Ele próprio foi demitido apenas por pautar uma matéria que tratava da questão dos pedágios paulistas, um tema largamente tratado por toda a mídia durante a última campanha ao governo do Estado. “A subordinação da emissora ao governo do Estado é de tal forma que até seu conselho curador, formado por 42 membros, em tese um anteparo às pressões governamentais, possui na sua composição 17 secretários estaduais, além de reitores das universidades, todos nomeados ou chancelados pelo governo estadual”, denuncia.
Conselho chapa branca
“Tampouco existe uma eleição de presidente ao conselho. O que ocorre é uma sagração. Quem escolhe, de fato, quem conduz a emissora é o governo do Estado”, acrescenta.
Para Priolli, ilude-se quem imagina a TV Cultura uma emissora pública e autônoma. “Na prática, trata-se de um órgão do governo do Estado”, afirma. Para ele, o mais preocupante é que jornalismo da emissora não é republicano, muito menos universal. “Tampouco o vemos dedicado à análise, ou à crítica”, comenta. Com a possível entrada de um programa da Veja na grade da emissora Priolli alerta: “é preocupante, pois o posicionamento de Veja reproduz o jornalismo “neoconservador”, o mesmo da emissora norte-americana Fox, com seu direitismo raivoso, explícito e exaltado”. O ex-diretor da TV Cultura ressalta que esta nova direita não tem qualquer escrúpulo para expurgar das redações profissionais de visão diferente.
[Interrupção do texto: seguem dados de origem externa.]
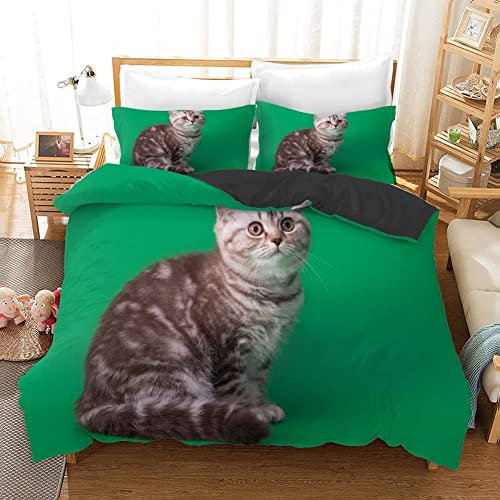 CHCHNXY BettwäSche 200x220,Grüne Katze 100% Microfaser 3D Print Bettbezug Mit 2 Kissenbezug 80x80cm Mit Reißverschluss,Weich Und Angenehme Bettwäsche Set Für Erwachsener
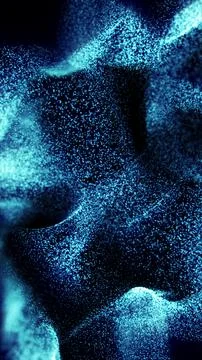 Flowing digital blue particles forming abstract waves in space, representing  Illustrazione stock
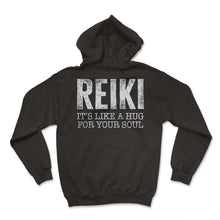 Load image into Gallery viewer, Reiki Shirt, It's Like A Hug For Your Soul Vintage Tee, Yoga Lover - Hoodie - Black
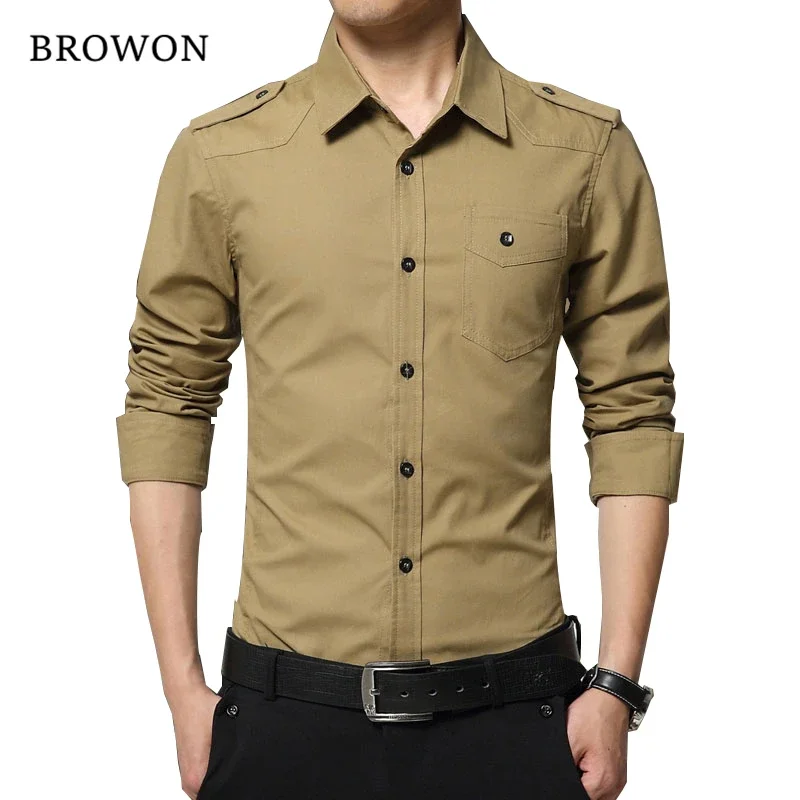 2024 Men\'s Epaulette Shirt Fashion Full Sleeve Epaulet Shirt Military Style 100% Cotton Army Green Shirts with Epaulets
No caso da TV Folha, pondera, nota-se, ao contrário, ainda que o jornal tenha uma posição bem mais crítica que o próprio jornalismo da TV Cultura – “seus colunistas fizeram perguntas às autoridades do governo que nenhum jornalista da Casa ousaria fazer”- o primeiro programa foi particularmente publicitário. “Fizeram questão de mostrar como a Folha faz jornalismo, ao invés de se centrarem nas notícias em si”, criticou.